そして台湾経済はますます中国に依存するようになっている。

 しかし、台湾の人々の考え方は、中国側が望むように変化していない。
 台湾の世論調査によれば、台湾の地位について、
(1).独立すべきか、
(2).中国と統一すべきか、
(3).現状維持すべきか、
という質問に対する回答は、この十年間であまり変化しておらず、
現状維持と答える人が相変わらず8割以上を占めている。

 しかし、アイデンティティに関する質問で、
(1).台湾人か、
(2).中国人か、
(3).その両方なのか、
に対する答えは、この十年で大きな変化が生じた。
 2000年代半ばには、(1)と(3)がほぼ同数でともに4割強であったのが、今では
★.台湾人と答える人が「60.4%」、
★.両方と答える人は「32.7%」、
★.中国人と答える人はわずかに「3.5%」
にすぎない。
 また、現状維持すべきという回答の中身についても、よく見ると
 「現状維持をしながらいずれ独立を目指す」
という答えが漸増している。
 中国との経済関係は深化したが、台湾人としてのアイデンティティはむしろ強化されている。

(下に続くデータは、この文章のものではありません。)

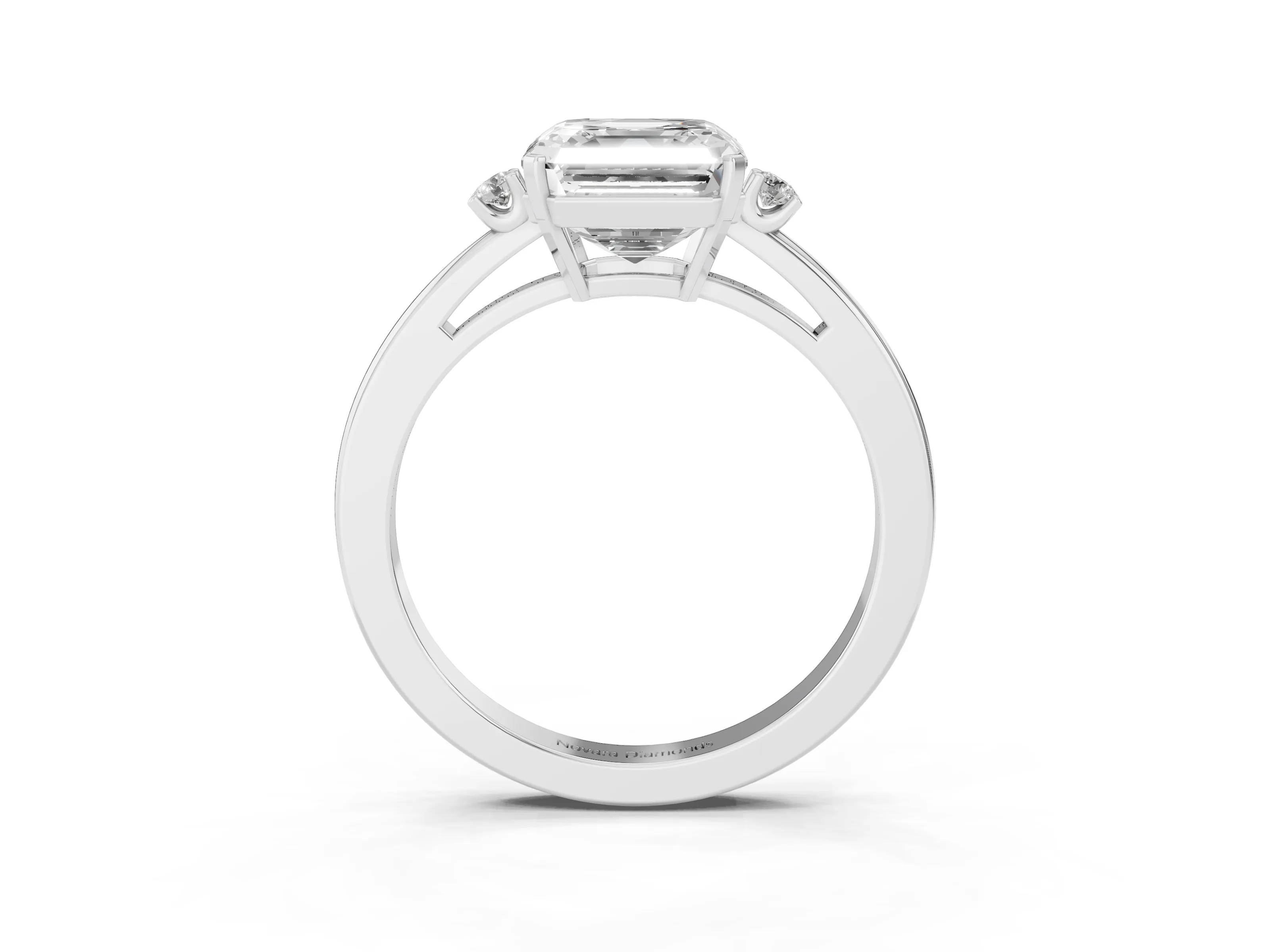 Three-Stone Asscher Cut Diamond Solitaire Ring Set in Silver with Round Accent Stones and Prong Setting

 6月頃から香港で「真の普通選挙」を求める運動が起こると、台湾の人々はその動向を注視したが、大陸で台湾政策を立案・研究する人々は、意外なほどその関連性に無頓着であった。
 香港と台湾のデモを連動させまいと、半ば意図的にそのように振る舞っている部分もあっただろうが、
 自信から生じる油断
 (ある中国知識人の言葉を借りれば「拝金主義の横行がもたらした傲慢さ、他者への理解の欠如」)
がそこには垣間見えた。

 香港の一国二制度は、中国共産党にとって台湾統一を見据えたモデルでもあり、台湾の民衆にとって、香港で起こっていることは他人事で済ませられない意味を持つ。
 多くの台湾の人々が香港のデモを支持したのは、民主主義への共鳴のみならず、自分たちの姿をそこに重ねたからである。

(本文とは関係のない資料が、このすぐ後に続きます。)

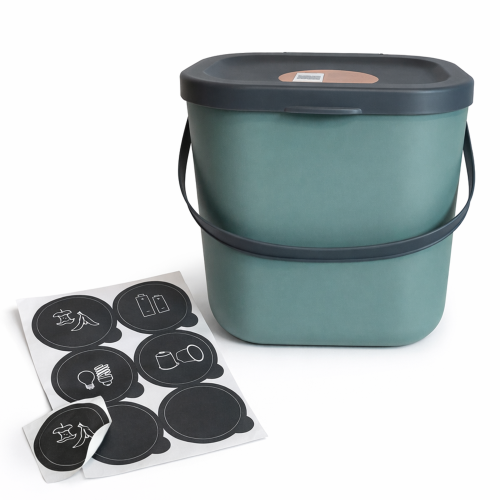 Kosz na śmieci 6L z pokrywą + naklejki do segregacji odpadów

 9月末に香港で大規模デモ(雨傘運動)が発生すると、中国政府もその深刻さを認識せざるを得なくなり、「香港と台湾は関係ない」という振りを続けられなくなった。
 習近平は、9月26日、台湾からの訪中団に対し、一国二制度による台湾統一を強調したが、習近平自身がそのような発言をしたのは、主席就任後初めてのことであった。
 「独立しない」ことと共に、「統一しない」を宣言している馬英九政権は、批判コメントを出さざるを得ず、さらに香港のデモに対する支持を表明した。

 その直後、APECに馬英九が参加する可能性はなくなったことが公表された。
 ただ、香港のデモが起こる前から、習−馬会談の実現可能性については極めて難しいと予測されており、このこと自体は中台関係にさほど大きな影響を及ぼすわけではない。
 むしろ、習−馬会談が実現していたとしたら、中台接近に対する懸念から、台湾の人々は統一地方選で国民党を忌避する投票行動をとったかもしれない。

 11月末の統一地方選では、国民党が席を減らすことになるだろう。
 結果として民進党は有利になるだろうが、その政策が支持されているというわけではない。
 08年の総統選で、民進党候補の蔡英文氏が敗北した原因の一つは、対中政策の曖昧さにあった。
 台湾の人々は、中国との統一は望んでいないが、中国との関係をこじらせ、国際的に孤立したり経済的なダメージを受けたりすることは望んでいない。

 民進党内部には、中国との関係構築を目指すべきだという声と、あくまで独立の旗を掲げ続けるべきだという声が存在し、まだ党としての方針が決まっていない。
 民進党にとっても、執政党として政権を預けられるという信頼を民衆から得るためには、乗り越えなければならない課題は多い。